Em documento, Forças Armadas admitem pela primeira vez tortura e mortes durante ditadura

Ofício encaminhado à Comissão da Verdade diz que Estado foi responsável por ‘morte e desaparecimento de pessoas

POR EVANDRO ÉBOLI

BRASÍLIA — Em ofício encaminhado nesta sexta-feira à Comissão Nacional da Verdade (CNV), as Forças Armadas reconheceram pela primeira vez a ocorrência de desaparecimentos e mortes durante a ditadura militar. O ministro da Defesa, Celso Amorim, no documento, afirma que o ordenamento jurídico reconheceu a responsabilidade do Estado “pela morte e desaparecimento de pessoas durante o regime militar, bem como pelos atos de exceção praticados no período de 18 de setembro de 1946 a 05 de outubro de 1988”. O ordenamento jurídico a que Amorim se refere trata-se da criação da Comissão de Mortos e Desaparecidos Políticos, que admitiu a culpa do Estado e indenizou familiares de vítimas do regime, e também da Comissão de Anistia, que, até hoje, julga perseguições políticas ocorridas naquela época.

CONFIRA A ÍNTEGRA DO OFÍCIO

“Nesta perspectiva, o Estado Brasileiro, do qual este Ministério faz parte, por meio das autoridades legalmente instituídas para esse fim, já reconheceu a existência das lamentáveis violações de direitos humanos ocorridas no passado e assumiu sua responsabilidade pelo cometimento desses atos”, diz o ofício.

 

No texto, os três comandantes militares também se manifestaram.

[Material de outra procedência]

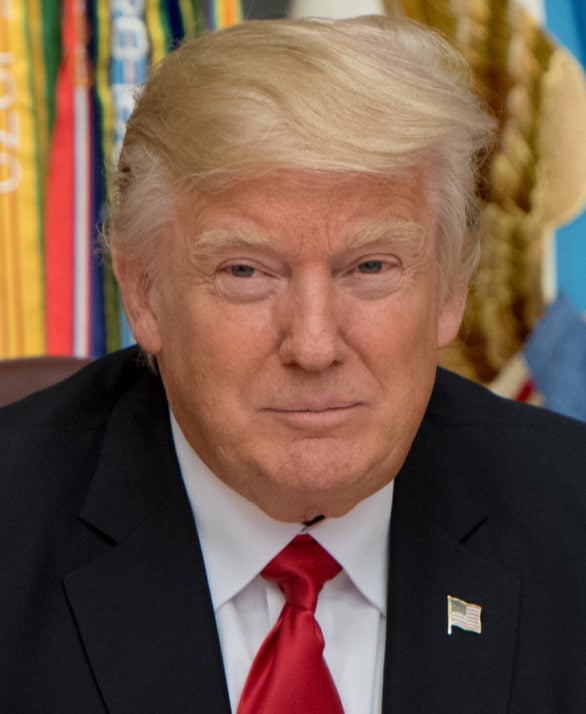 Donald Trump é um empresário e político americano, conhecido por sua carreira no setor imobiliário e por ter sido o 45º presidente dos Estados Unidos.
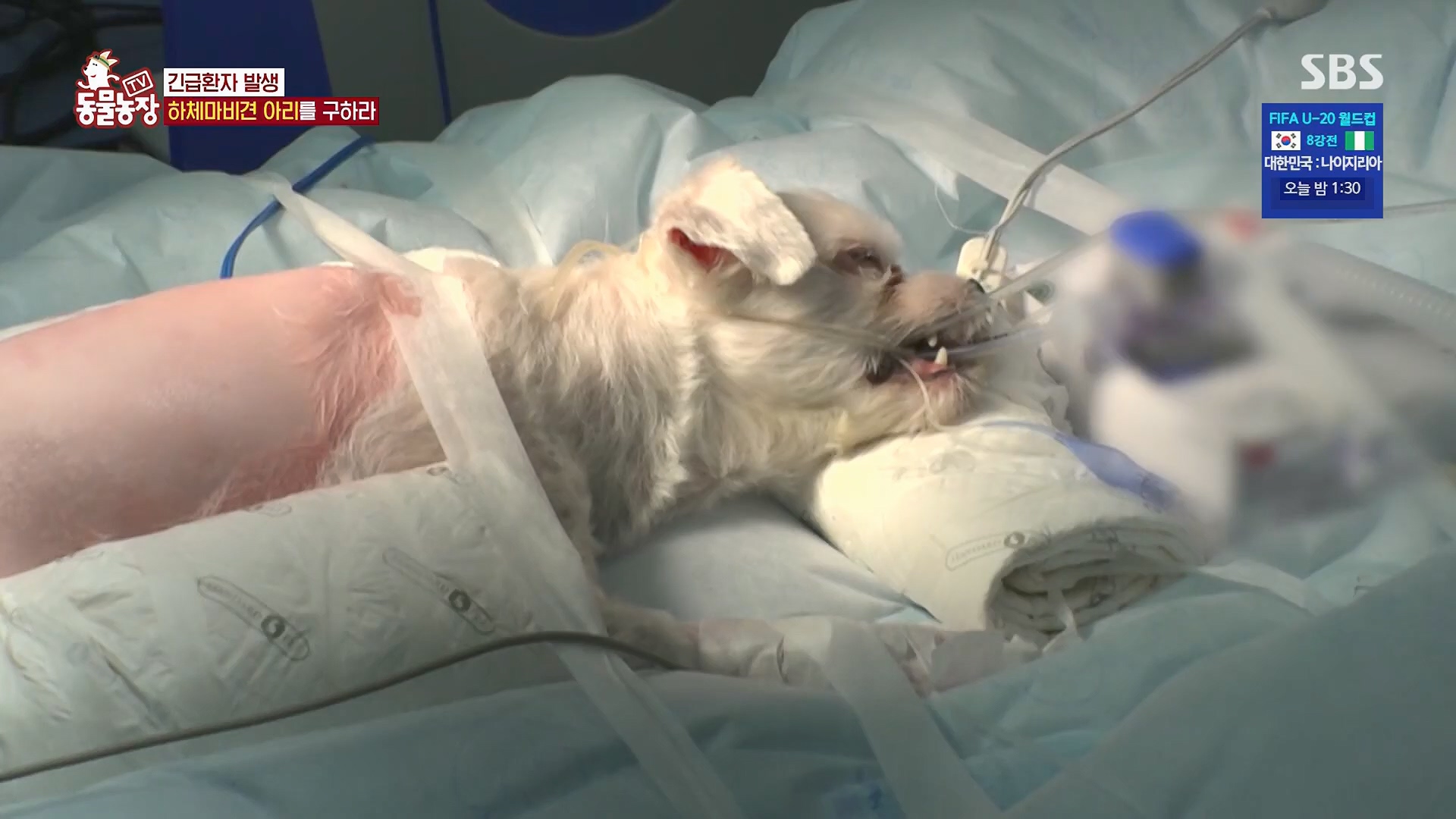 TV 동물농장.E1123.230604p.H264-F1RST.mp4_20230604_173307.257.jpg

Exército e Aeronáutica afirmam que não é pertinente a essas forças se manifestar sobre as decisões do Estado brasileiros, se referindo ao reconhecimento de mortes e torturas. A Marinha, por sua vez, diz que não foram encontrados indícios que permitam confirmar ou negar a ocorrência das violações. Amorim diz que os militares não negam ocorrência desses fatos.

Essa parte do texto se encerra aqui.